The product is an evolution of Atlassian's previous IT service management, Jira Service Desk, but with added capabilities to manage incident tickets and code changes, as well as machine learning-based technology that can automatically assign people to solve issues.
"As your development teams are making changes all the time, when you go in to solve a problem, understanding how those changes were made and correlating that with the customer experience is an incredibly powerful tool," Deatsch told Business Insider.
It also plans to add a capability called "conversational ticketing" which will allow developers to use Slack and other messaging apps to submit incident tickets and get responses. To add this feature, Atlassian will rely on technology from IT ticketing firm Halp, which it acquired in May.
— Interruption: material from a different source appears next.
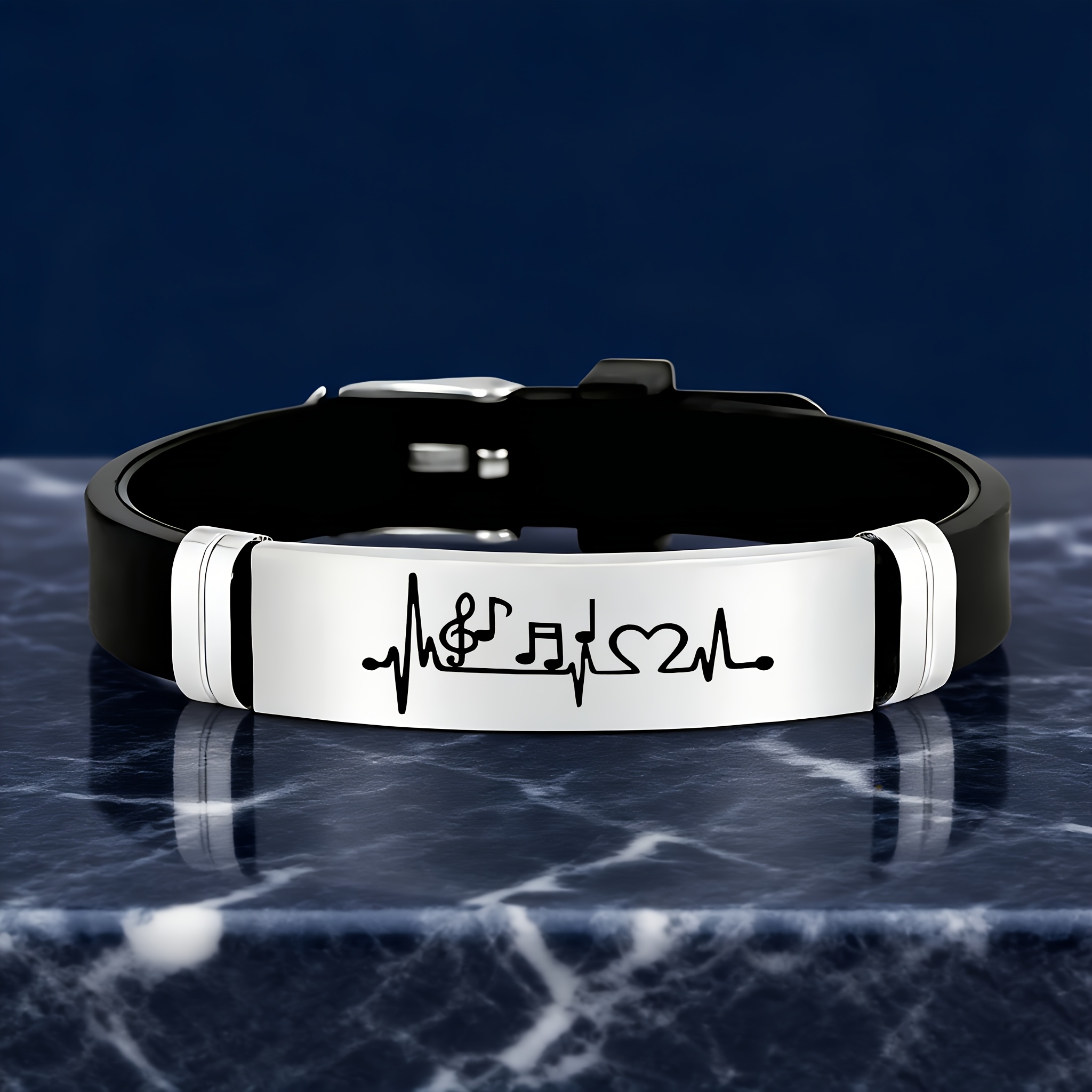 Heartbeat Waveform Musical Note Design Bracelet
"We go to where the users are and allow them as quickly as possible to interact with service management agents and get their problem solved," Deatsch said.
Atlassian will also add scheduling and alerting features from the incident management platform Opsgenie, which it acquired for $295 million in 2018.
"It was all about simplifying the experience we already had," Deatsch said. "We saw IT teams largely using us for a broader set of capabilities."
Customers will still also be able to use Opsgenie and Halp as independent products. Ultimately, Jira Service Management competes with established offerings from other software giants like ServiceNow and Microsoft's product System Center Service Manager. Atlassian's product sets itself apart by being just as applicable for the smallest companies as well as the largest businesses in the world, according to Deatsch.
"We try to make products broad and easy to use," Deatsch said. "We can handle thousands and thousands of customers. When the largest customers come knocking, we can solve customer needs. Small companies get enterprise grade capabilities as well as larger companies."
Atlassian decided to launch the product after seeing the consistent growth of Jira Service Desk over the past five years and continually fielding feature requests from customers desperate to get off older technology and use one platform for their entire development process, Deatsch says.
Atlassian has been investing heavily in IT service management over the past few years. Besides Opsgenie and Halp, Atlassian has also acquired IT service management startups Mindville and Automation for Jira and has been prioritizing its cloud products — leading up to the announcement last month that it would stop selling its Server product lineup in February.
Read more: The co-CEO of $47 billion Atlassian explains why it plans to stop selling its Server product lineup starting in February: 'The cloud is the natural future'
"Companies today are jumping into one tool and then jumping into Atlassian's product to get that all done," Deatsch said. "We're building that into a unified experience. This provides more transparency and accountability across those teams."